Mouse FPN1 plasmid was a kind gift from Dr. D.J. Haile Department of Medicine, University of Texas, San Antonio, TX, USA. Xenopus oocytes were prepared and injected as previously described [23] with mouse FPN1 cRNA. Oocytes were then fixed 2–3 hrs in Bouin’s solution, cryoprotected in 30% sucrose (3 × 30 min. washes at room temp, then left at 4°C overnight) and 10 μm cryosections where then cut. Oocytes were stained using the previously described protocol [11].

Preparation of membrane fractions and immunoblotting

Crude membrane samples were prepared from male Sprague-Dawley rat kidney or duodenum as previously described [11]. For isolation of BLMs from rat renal cortex two protocols were combined [24, 25]. Cortices from five rats were homogenized and the microsomal fraction was mixed with Percoll (15% w/v), and centrifuged at 48,500 × g for 30 min. Fractions 13–17 from the top (‘bottom fraction’) were enriched in BLM and pooled. The protein concentration was determined by the Bradford method [26]. Samples were incubated with three times loading buffer for 10 min. at 65°C prior to SDS-PAGE. Immunoblotting was performed as described previously [12] using Liu-FPN1 (1:100–1:1000), and α-333 (1:500). Goat anti-rabbit horseradish peroxidase-conjugated secondary antibody (Dako, Glostrup, Denmark) was used at 1:5000 for western analysis and 1:200 for immunostaining.

Immunostaining

Immunohistochemistry: The process for rodent tissue fixation and staining techniques has been described in detail earlier [27]. Light microscopy was carried out with a Leica DMRE microscope (Leica Microsystems, Herlev, Denmark).

Preparation of tissue for immunogold electron microscopy: Fixed tissue blocks from rat kidney cortex were infiltrated with 2.3 M sucrose for 30 min. and frozen in liquid nitrogen. Frozen tissue blocks were subjected to cryosubstitution and Lowicryl HM20 embedding. Staining was performed as previously described [28].

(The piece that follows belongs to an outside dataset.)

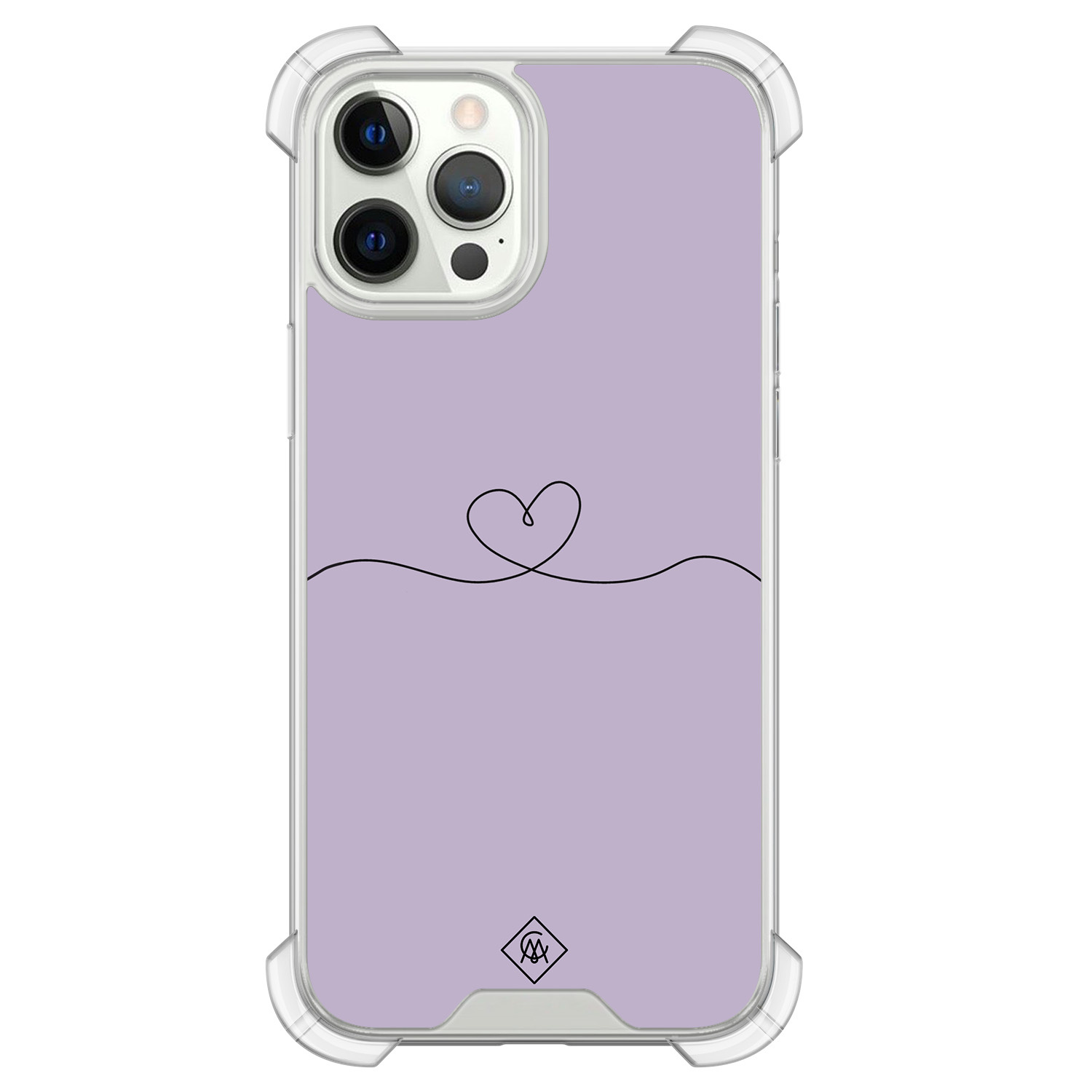 iPhone 12 (Pro) shockproof hoesje Hart lila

Immunofluorescence labelling of FPN1 of cultured cells

For immunofluorescence labelling of FPN1 in fixed and permeabilized cells the method was as described previously [12] except a 1:500 dilution of secondary antibody was used and H-33342 was used at 0.8 μg/ml. Experiments with non-permeabilized cells were performed according to Wolff et al. [29] with the following modifications: Cells grown on cover slips were incubated at 4°C with primary antibody (dilution of Liu-FPN1 1:100 in Ca2+/Mg2+-containing PBS and 0.1% bovine serum albumin), fixed and incubated with secondary Alexa Fluor® 488-conjugated secondary antibody diluted in blocking buffer (1:500) for 90 min. (22°C). Quantitative determination of FPN1 surface fluorescence in WKPT-0293 Cl.2 cells followed a protocol described elsewhere [29].

Cell culture

An immortalized cell line from the S1-segment of rat PT (WKPT-0293 Cl.2) [30] was cultured as previously described [13]. Cells were passaged (passage number <41) twice a week upon reaching confluence.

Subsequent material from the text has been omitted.